- [Exercise objective] Produce a verbatim copy of the records, and keep the images out of it.
========================================================================
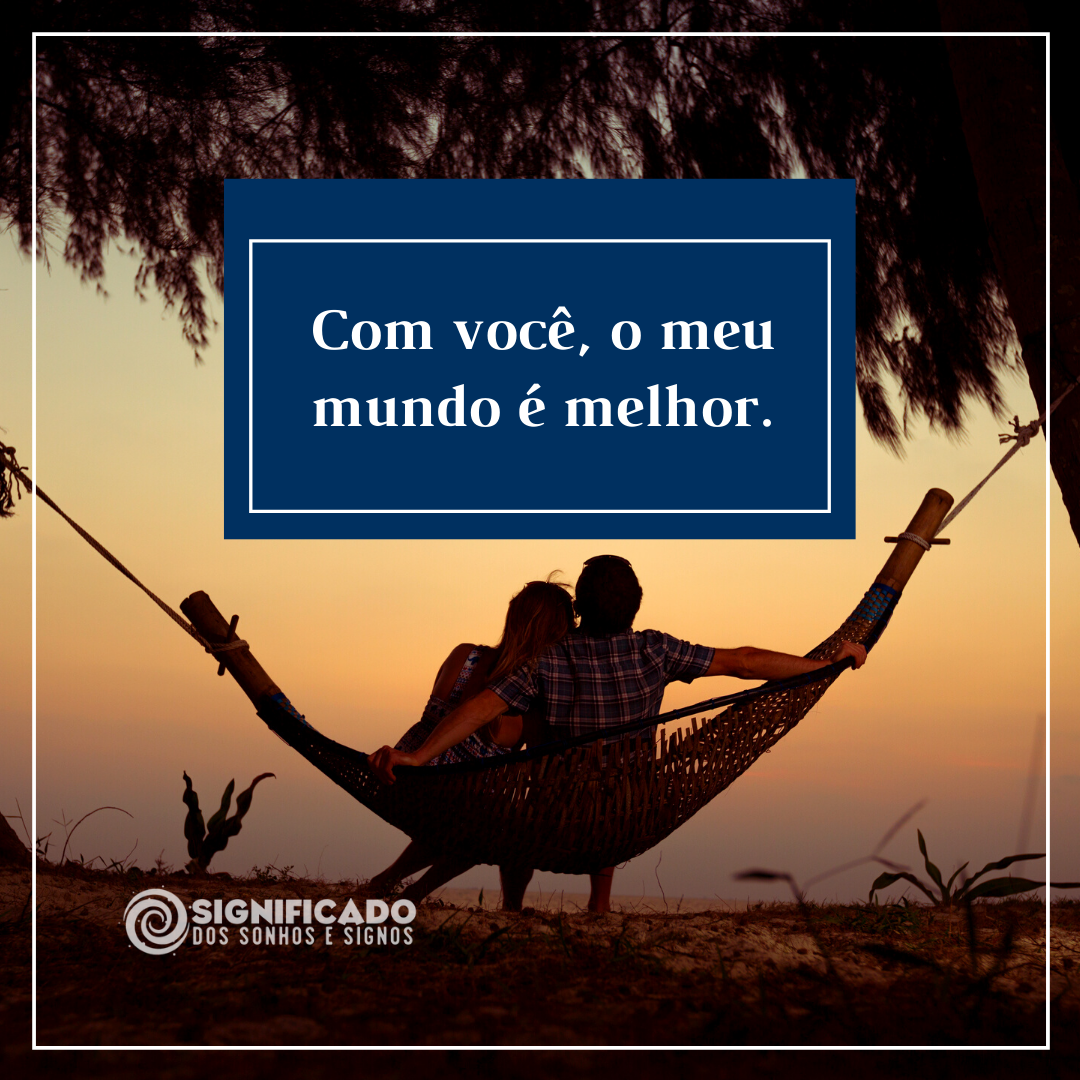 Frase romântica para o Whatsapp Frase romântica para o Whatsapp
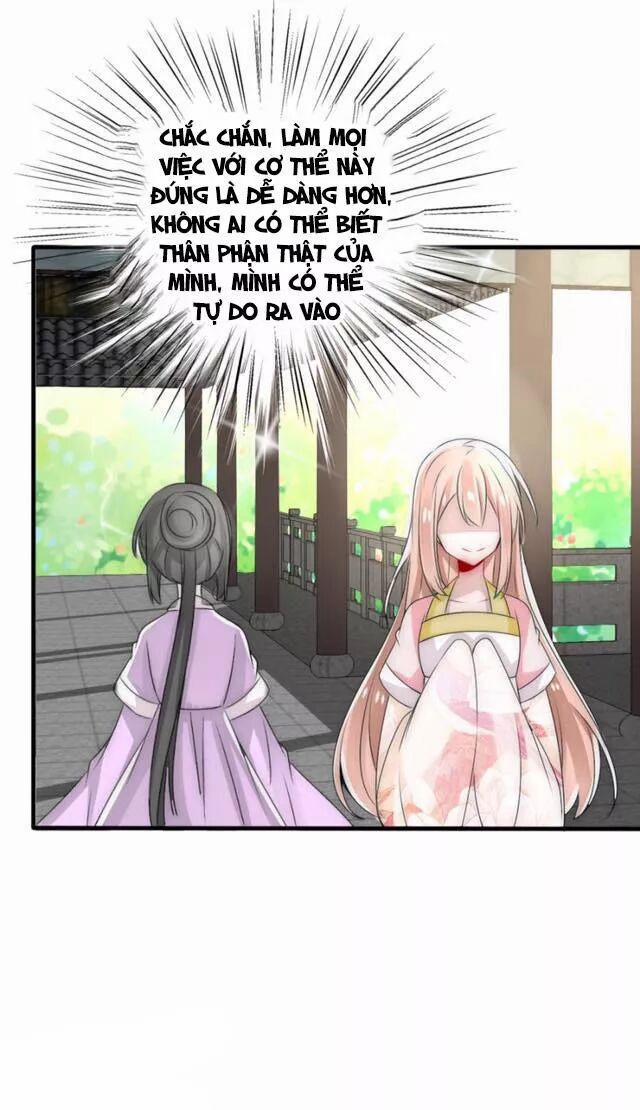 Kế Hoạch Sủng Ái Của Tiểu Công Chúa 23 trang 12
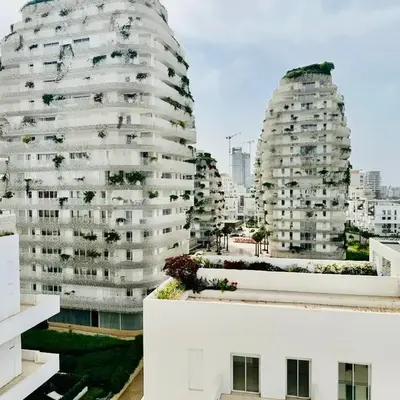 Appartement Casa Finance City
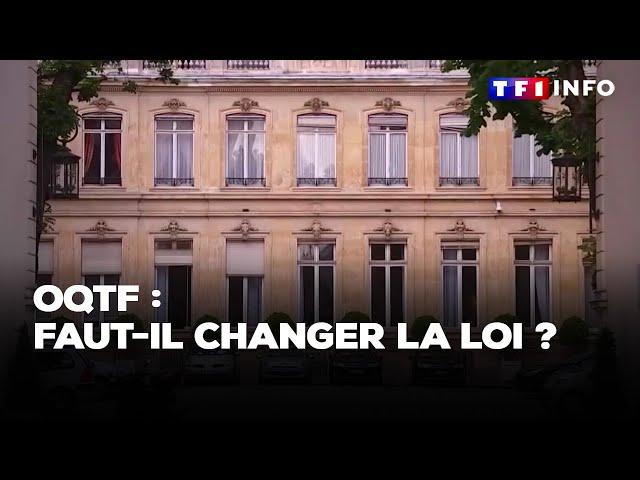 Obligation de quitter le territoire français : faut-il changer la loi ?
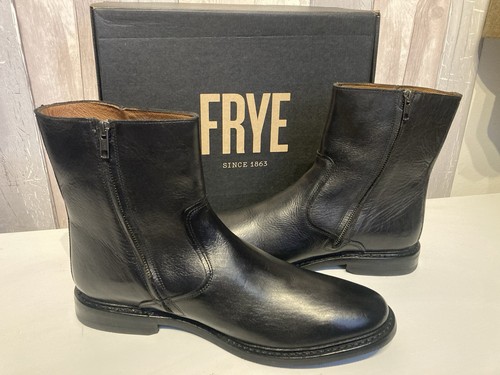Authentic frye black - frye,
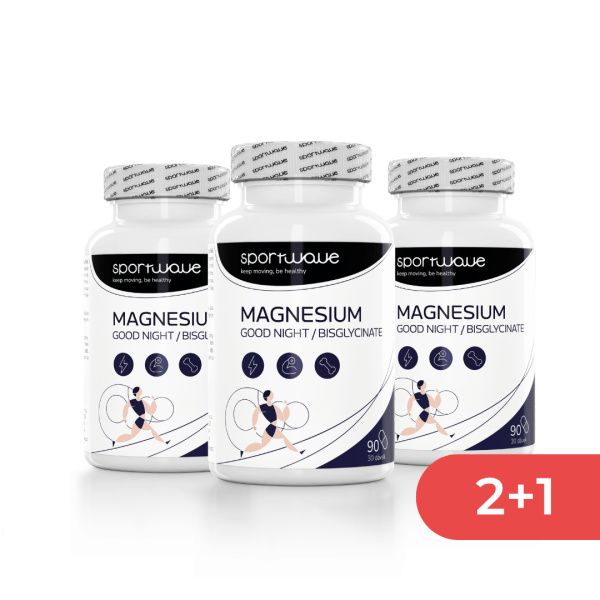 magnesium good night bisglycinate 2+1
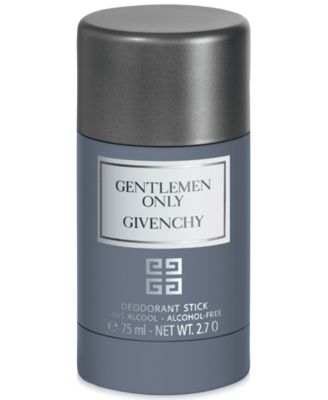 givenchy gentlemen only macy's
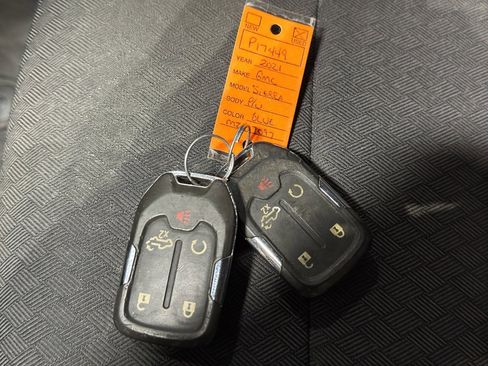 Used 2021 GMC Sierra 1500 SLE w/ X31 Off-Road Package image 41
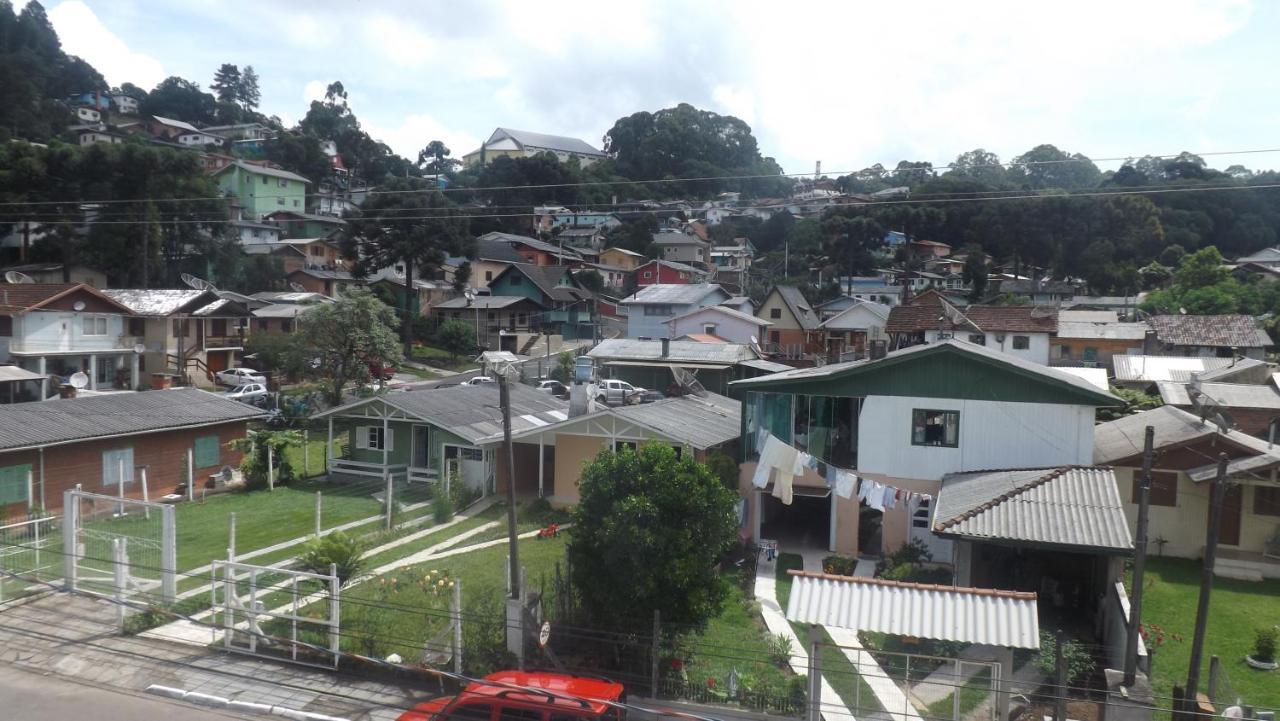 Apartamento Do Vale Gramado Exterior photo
========================================================================
- [Result]
 Frase romântica para o Whatsapp Frase romântica para o Whatsapp
 Kế Hoạch Sủng Ái Của Tiểu Công Chúa 23 trang 12
 Appartement Casa Finance City
 Obligation de quitter le territoire français : faut-il changer la loi ?
Authentic frye black - frye,
 magnesium good night bisglycinate 2+1
 givenchy gentlemen only macy's
 Used 2021 GMC Sierra 1500 SLE w/ X31 Off-Road Package image 41
 Apartamento Do Vale Gramado Exterior photo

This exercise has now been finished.